This protocol describes the detailed steps for preparing retinal samples for volume electron microscopy, focusing on the structural features of retinal photoreceptor terminals.

Abstract

Volume electron microscopy (Volume EM) has emerged as a powerful tool for visualizing the 3D structure of cells and tissues with nanometer-level precision. Within the retina, various types of neurons establish synaptic connections in the inner and outer plexiform layers. While conventional EM techniques have yielded valuable insights into retinal subcellular organelles, their limitation lies in providing 2D image data, which can hinder accurate measurements. For instance, quantifying the size of three distinct synaptic vesicle pools, crucial for synaptic transmission, is challenging in 2D. Volume EM offers a solution by providing large-scale, high-resolution 3D data. It is worth noting that sample preparation is a critical step in Volume EM, significantly impacting image clarity and contrast. In this context, we outline a sample preparation protocol for the 3D reconstruction of photoreceptor axon terminals in the retina. This protocol includes three key steps: retina dissection and fixation, sample embedding processes, and selection of the area of interest.

Introduction

The retina is densely packed with intertwining neuronal axons and dendrites that form synapses between them1. Microscopy is an indispensable tool for studying retinal anatomy as it has fine, intricate, and small structures. Although electron microscopy (EM) provides unparalleled power to investigate the ultrastructure of subcellular organelles and the accurate localization of specific proteins at the nanometer level2, it produces images limited to the two-dimensional (2D) plane, leading to potential loss of key information.

The development of emerging high-resolution volume electron microscopy (Volume EM) techniques supports the provision of more comprehensive and larger-scale three-dimensional (3D) structural information. Some 3D EM methods have been recently reviewed by others3,4,5. 3D EM allows for the reconstruction of neuronal shape and connectivity details, enabling precise quantitative analysis of structures of interest. This demonstrates that the data obtained by volume EM are more systematic, complete, and accurate.

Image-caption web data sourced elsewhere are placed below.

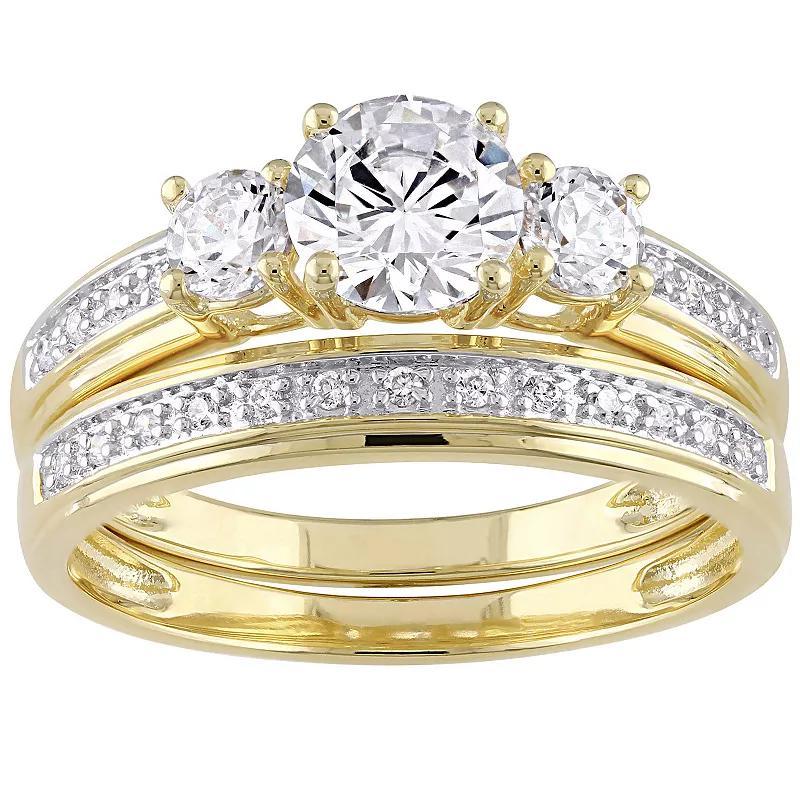 Stella Grace 18k Gold Over Silver Cubic Zirconia 3-Stone Bridal Ring Set, Womens Gold Tone Product Image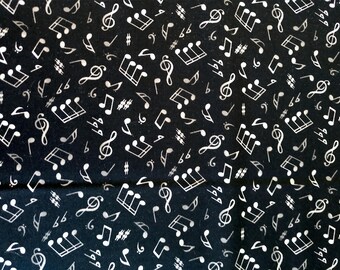 Music fabric - white notes and treble clefs on black cotton quilt fabric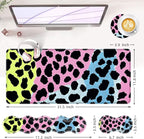 BFUKVOU Large Keyboard Mouse Pad Set, Extended Mouse Pad+Keyboard Wrist Rest Support, Memory Foam Ergonomic Easy Typing, 4Pcs (31.5×11.8 in) Desk Pad Set for Office Home,Leopard Print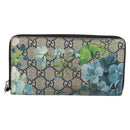 GUCCI GG Blooms Long Wallet PVC Blue Silver 408665 Auth 205088V-2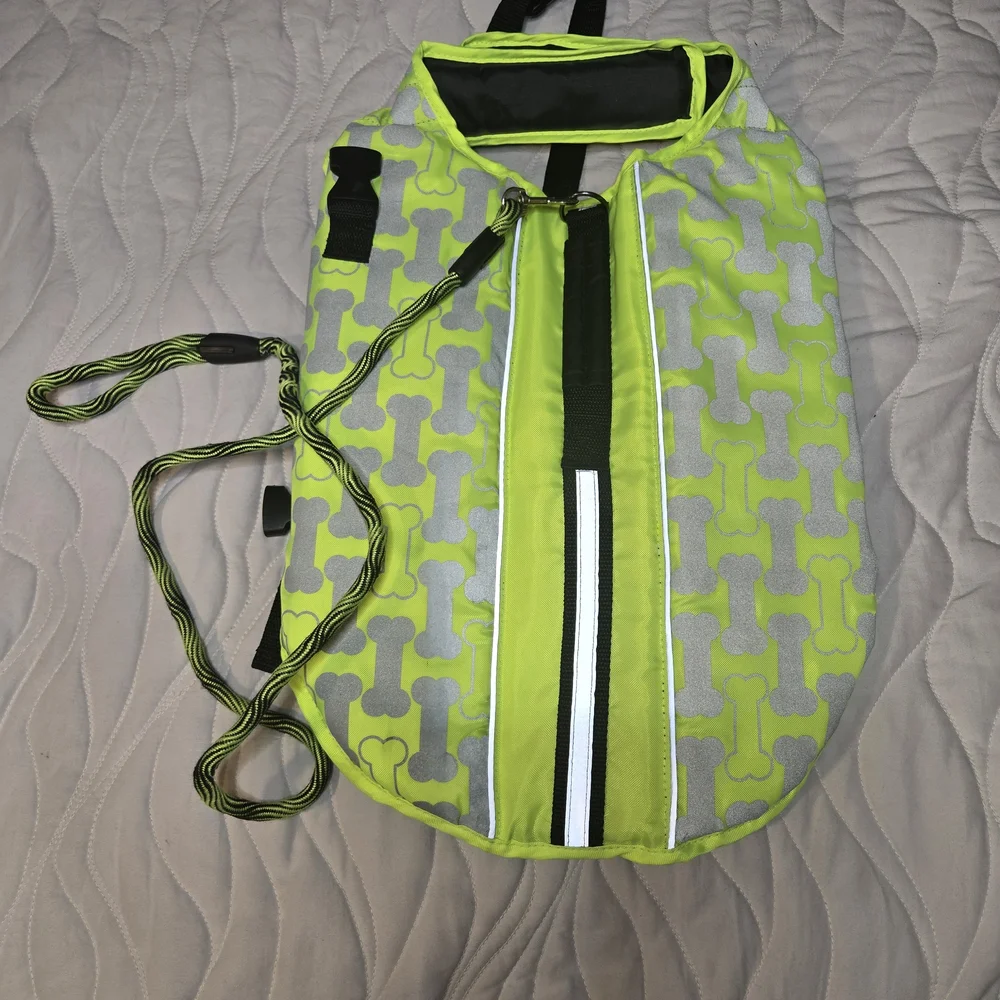 Reflective Yellow Dog Floatation Vest, Large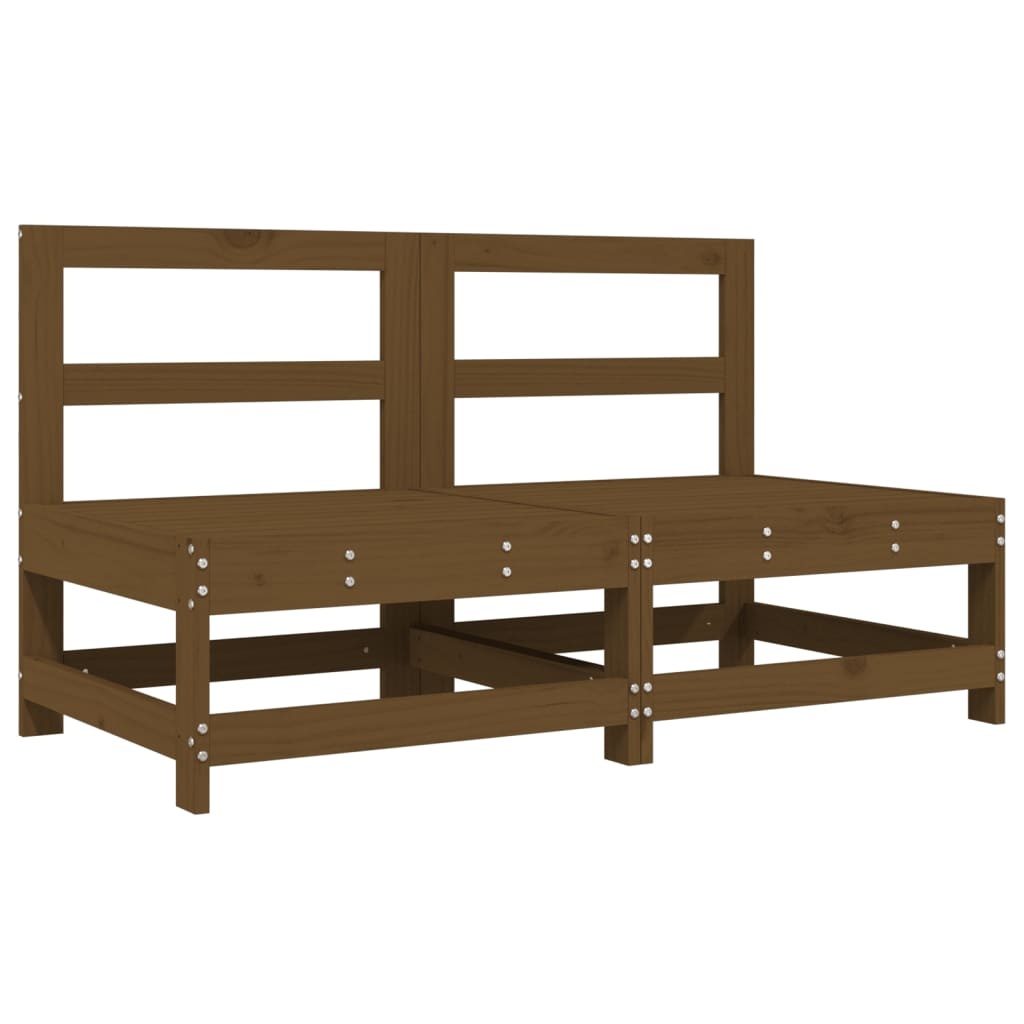 Vidaxl 2er Set Garten-Mittelsofa Kiefer Massivholz - honigbraun - bis zu 46% Rabatt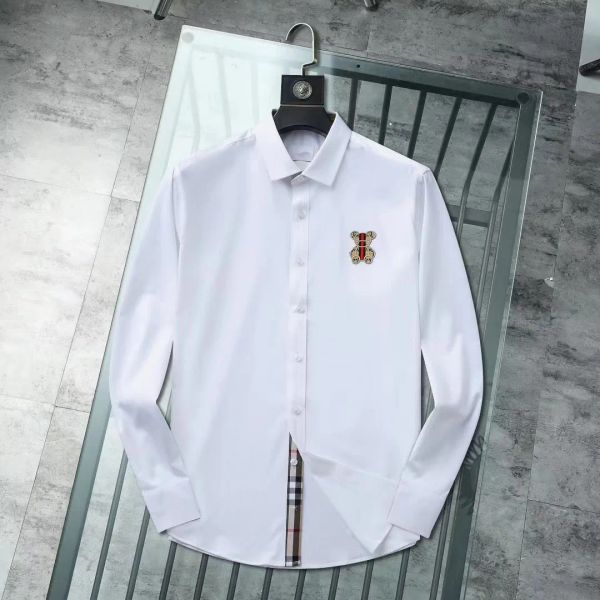 

2023 luxury designer men's fashion men's shirt long sleeve business casual brand men's polo shirt spring slim shirt m-3xl, White;black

Retinal photoreceptors, constituting the initial neurons in visual signaling6,7, establish synapses with dendrites of second-order bipolar and horizontal cells in the photoreceptor's terminal to facilitate excitatory signals8,9. These terminals, referred to as cone pedicles and rod spherules, encompass three crucial components: mitochondria, synaptic ribbons, and synaptic vesicles. While previous studies have predominantly concentrated on the general structure of ribbon synapses, there has been a notable absence of investigation into the fine structure of major components, including mitochondria, ribbon, vesicle pools, and their spatial organization in terminals10,11,12,13. A precise and systematic analysis of each component, along with an understanding of their inter-association within photoreceptor terminals, is vital for unraveling spatial organization and comprehensively grasping visual processing functions. In photoreceptors, mitochondria are mainly present in the inner segment, cell body, and terminal. We focused here on the mitochondria in the terminal photoreceptors. Focused ion beam scanning electron microscopy (FIB-SEM), a type of volume EM boasting high resolution (x, y, and z resolution < 5 nm) and a relatively large volume flux4,14, stands as a potent tool for accurately visualizing the 3D structure of photoreceptor terminals.

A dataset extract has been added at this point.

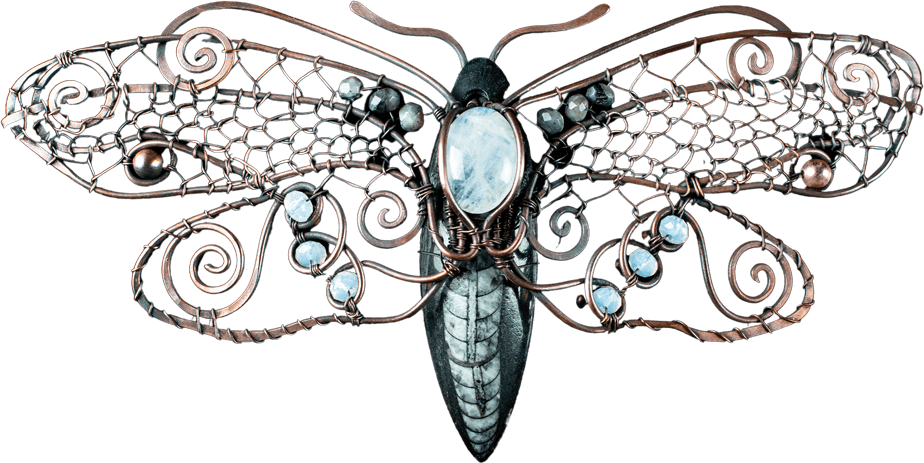 wire wrapped moth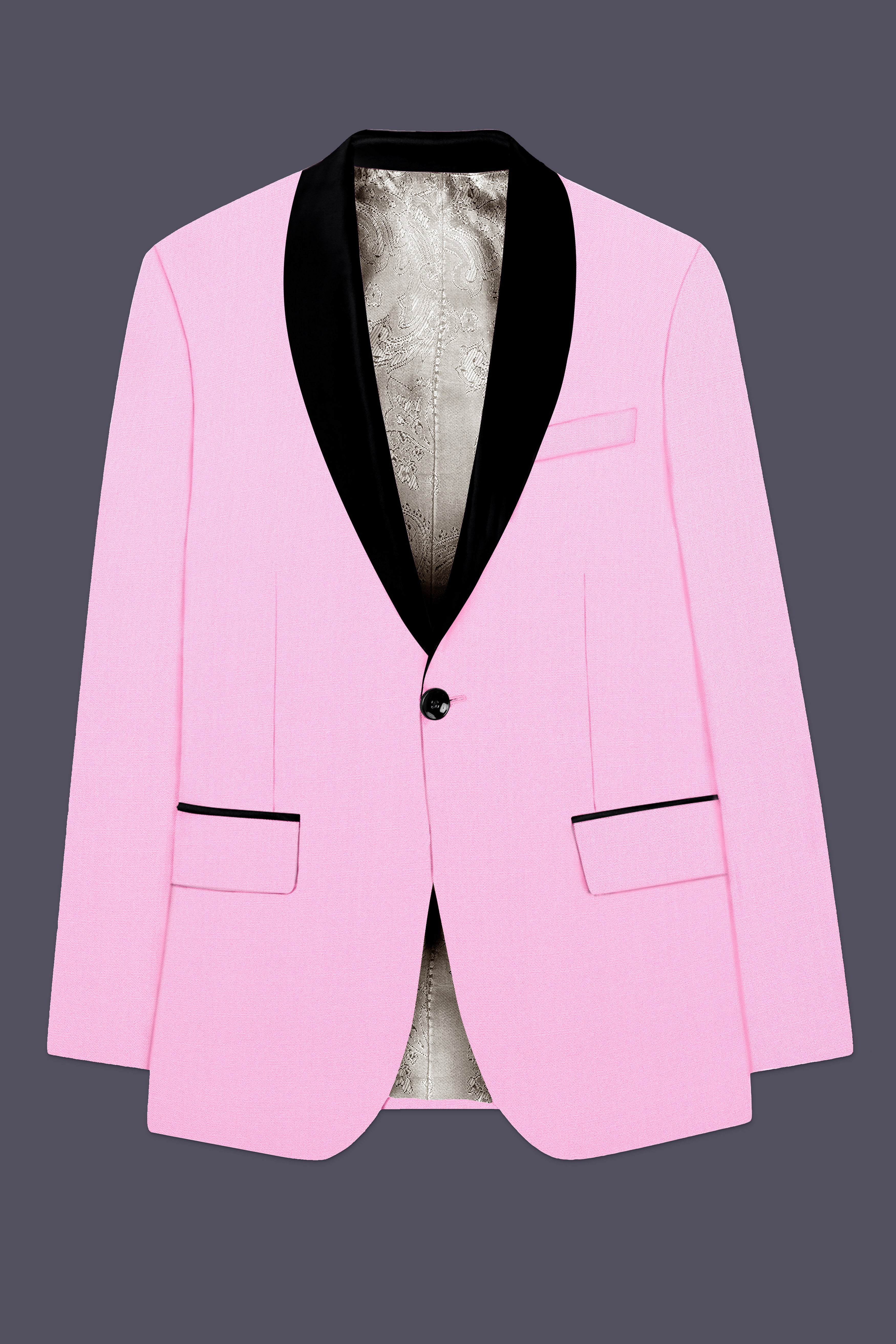 Rosé Reverie-Pestel Pink Solid Wool Rich Tuxedo Slight Stretch Blazer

Both FIB-SEM and Serial Block Face Scanning Electron Microscope (SBF-SEM) are Volume EM based on SEM for obtaining the image of tissues by scanning the surface of the sample. The ultrastructural features of a specimen's surface are revealed through the contrast created by the intensity of secondary or backscattered electrons (BSE) when the electron beam scans the sample15. Essentially, detecting BSE or secondary electrons from the cross-section surface of a resin-embedded tissue sample in SEM allows for obtaining images of the embedded sample16,17. When BSE or secondary electrons are less generated, information on the sample surface can only be obtained. Achieving consistent contrast and high-quality serial images necessitates sufficient deposition of heavy metals in the sample. Therefore, specific sample preparation protocols are crucial for subsequent segmentation, 3D reconstruction, and analysis when utilizing SEM for serial imaging. The osmium-thiocarbohydrazide-osmium (OTO) method is a typical sample preparation scheme for 3D electron microscopy of biological samples, preserving the structure of lipid-containing membranes and maintaining good contrast18,19.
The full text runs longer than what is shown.